→ RECORDS FOR THIS TASK:
╭──

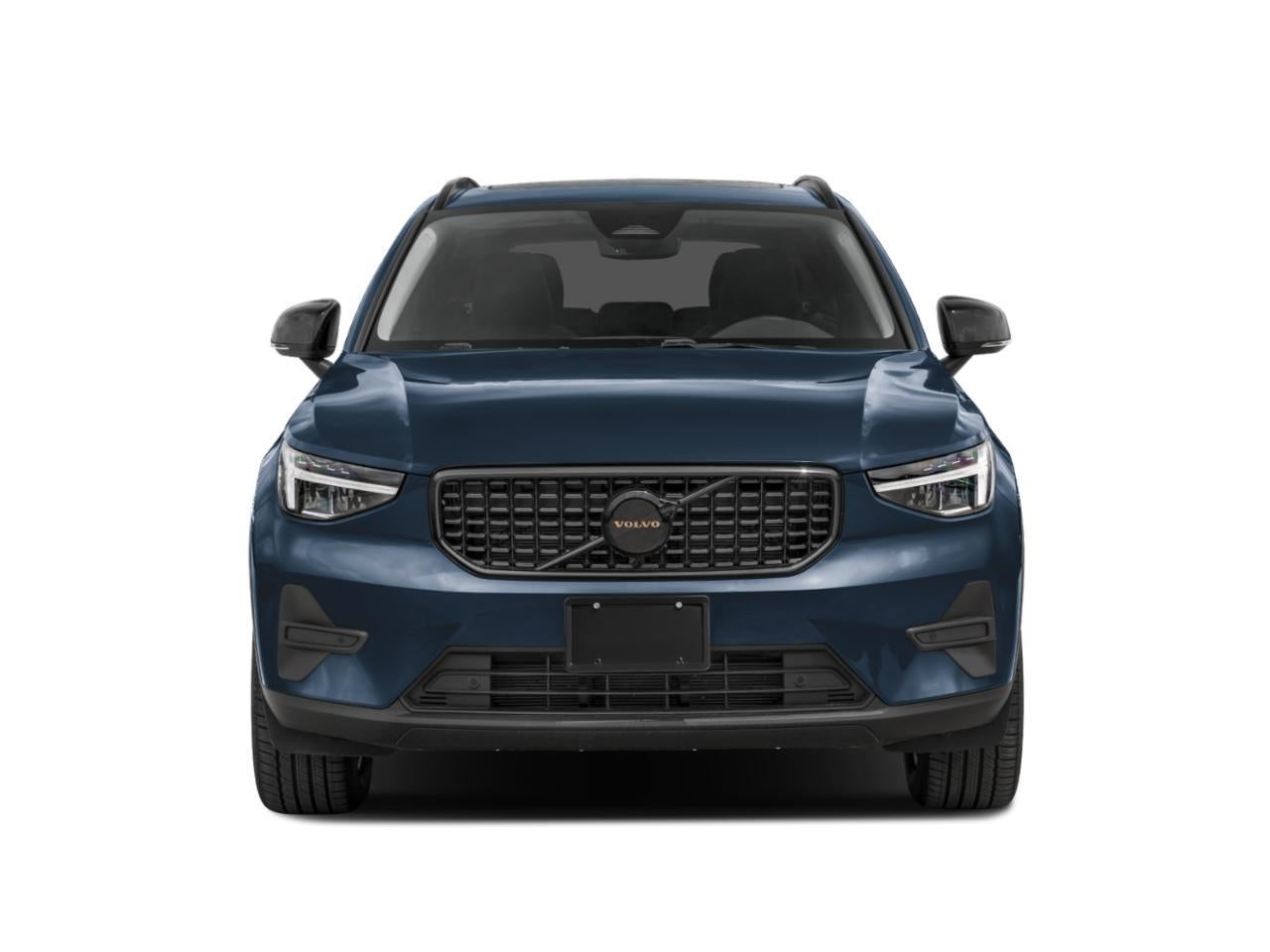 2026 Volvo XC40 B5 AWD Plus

╰──
╭──

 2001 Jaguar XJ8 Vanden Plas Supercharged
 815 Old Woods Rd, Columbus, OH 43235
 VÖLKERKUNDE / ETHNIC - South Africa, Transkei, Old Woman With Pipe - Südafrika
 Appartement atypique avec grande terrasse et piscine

╰──

→ WHAT YOU ARE ASKED TO DO: Once the line with "2001 Jaguar XJ8 Vanden Plas Supercharged" is found in the records above, print exactly that line and every line after it through the line with "Appartement atypique avec".

→ SOLUTION FOR THIS PROBLEM:
 2001 Jaguar XJ8 Vanden Plas Supercharged
 815 Old Woods Rd, Columbus, OH 43235
 VÖLKERKUNDE / ETHNIC - South Africa, Transkei, Old Woman With Pipe - Südafrika
 Appartement atypique avec grande terrasse et piscine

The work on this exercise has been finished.